Mini Analyses
I spend a lot of time doing “quick-and-dirty” analyses of new Busy Beaver champions. Recently, when I have time, I have been posting those analyses on this blog in detailed form. However, converting from my quick notes to a polished blog post is a lot of time and work and so most of my analyses don’t make it. However, I think there is some value in the quick notes, so I keep them in unsaved documents in my editor until I end up with too many tabs (or my computer crashes) and eventually I delete them. As a middle ground, I’ve decided to try and post unpolished notes here as a value to myself if I ever come back and want to understand these machines behavior again in the future. I may add more notes here over time.
2022
May 2022
Pavel-e197k
Shared by email 15 May 2022 by Pavel Kropitz. This TM runs >10^197,282 steps leaving >10^98,641 symbols.
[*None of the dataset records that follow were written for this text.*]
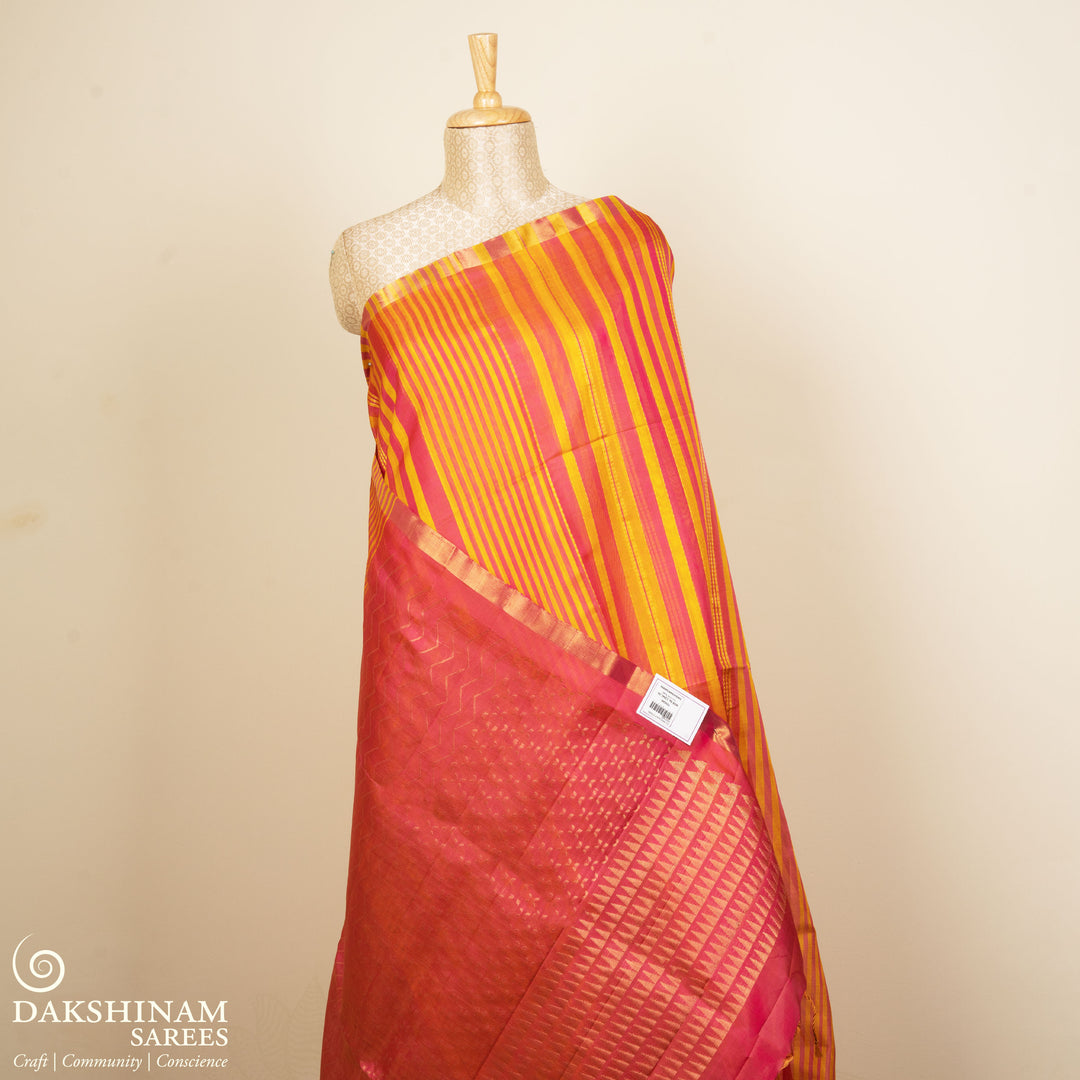 Multicolor Kora soft silk saree with alternating yellow and pink bands and gold zari lines, thin gold tissue border and pink pallu with chevron and triangle motifs.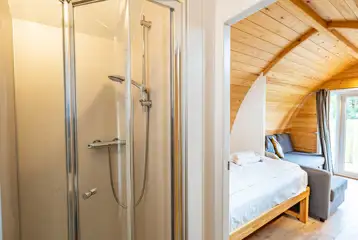 Glamping pod ensuite with shower and view of the bed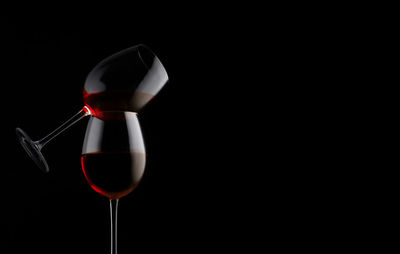 Low angle view of wine glass against black background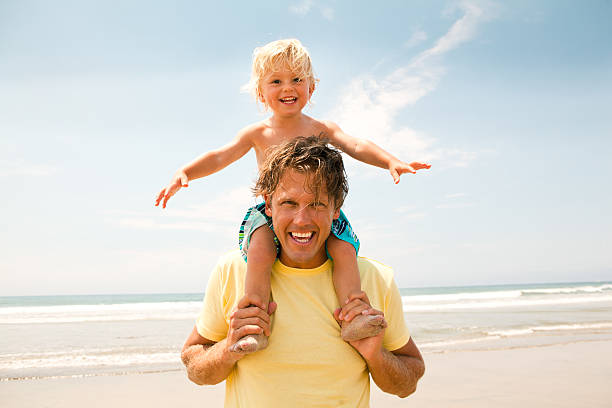 Cheerful father playing with his young son at the beach.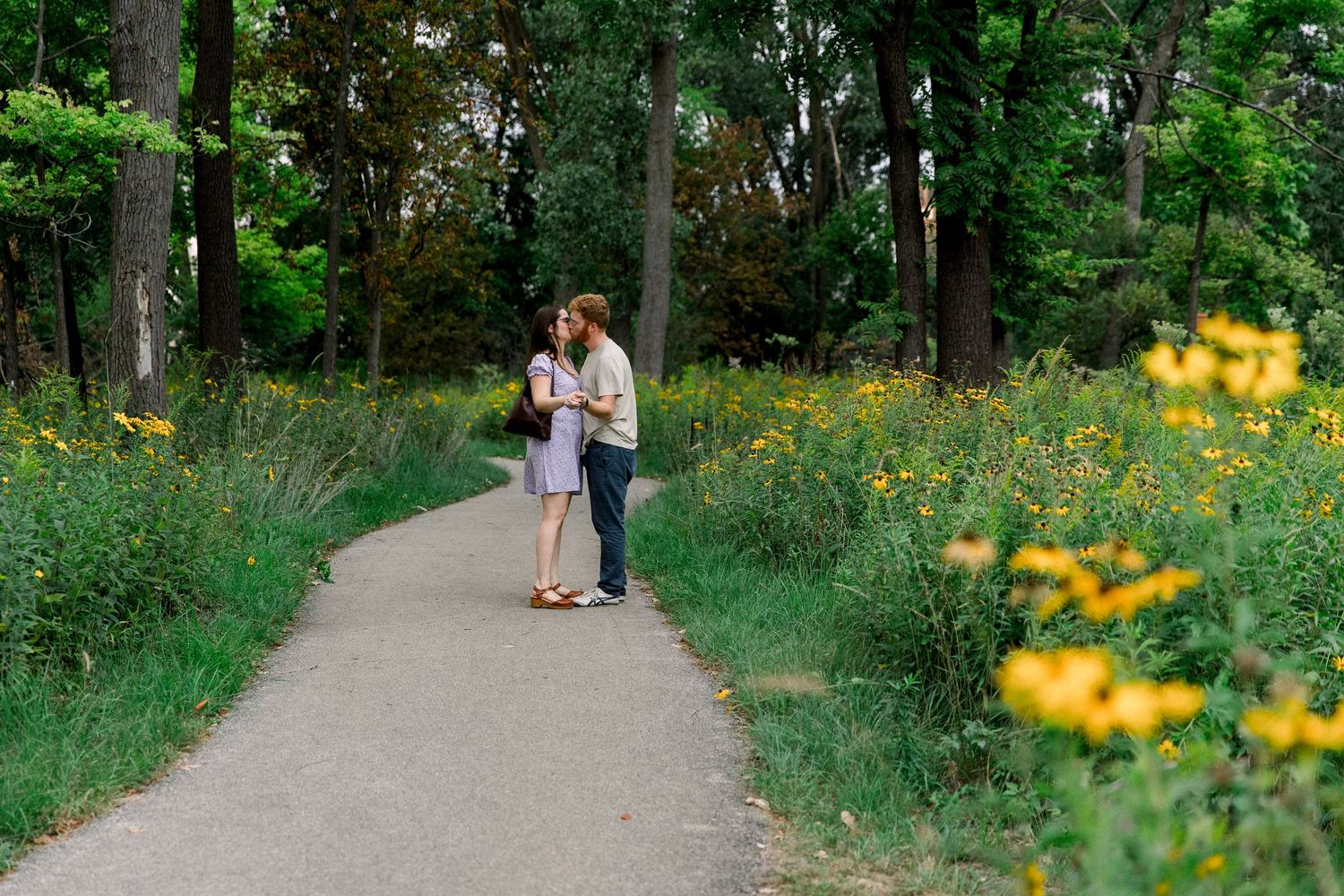 A couple shares a romantic moment on a scenic park path surrounded by lush green trees and vibrant yellow wildflowers.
1RB 1RH 1RC 1RA 1RD 0RB 1LE 0RC 0LF 0LD 0LB 1LA
Rule 1: 11 01^n D> 00 -> 01^n+2 D>
Rule 1x: 11^n D> 0^inf -> 01^2n D> 0^inf
Rule 2: 1010 01^m D> 0^inf -> 01^2m+8 D> 0^inf
Rule 2x: 1010^n 01^m D> 0^inf -> 01^((m+8) 2^n - 8) D> 0^inf
Rule 3: 000 01^n D> 000 -> 0100 10^n 11 D>
Rule 4: 100 01^n D> 0^inf -> 11 10^n+1 11^1 D> 0^inf
Rule 5: 000 01^2k+1 D> 0^inf -> 01^(20 2^k - 8) D> 0^inf
Rule 6: 000 01^2k D> 0^inf -> 011 Z> 10 10^(10 2^(5 2^k - 4) - 8) 1 0^inf (Halt(10 2^(5 2^k - 4) - 4))
Rule 7: 0^inf 01^2k+1 D> 0^inf -> Halt(10 2^(5 2^(10 2^k - 4) - 4) - 5)
At step 9, it’s in config 0^inf 01^3 D> 0^inf -> Halt(10 2^(5 2^16 - 4) - 4)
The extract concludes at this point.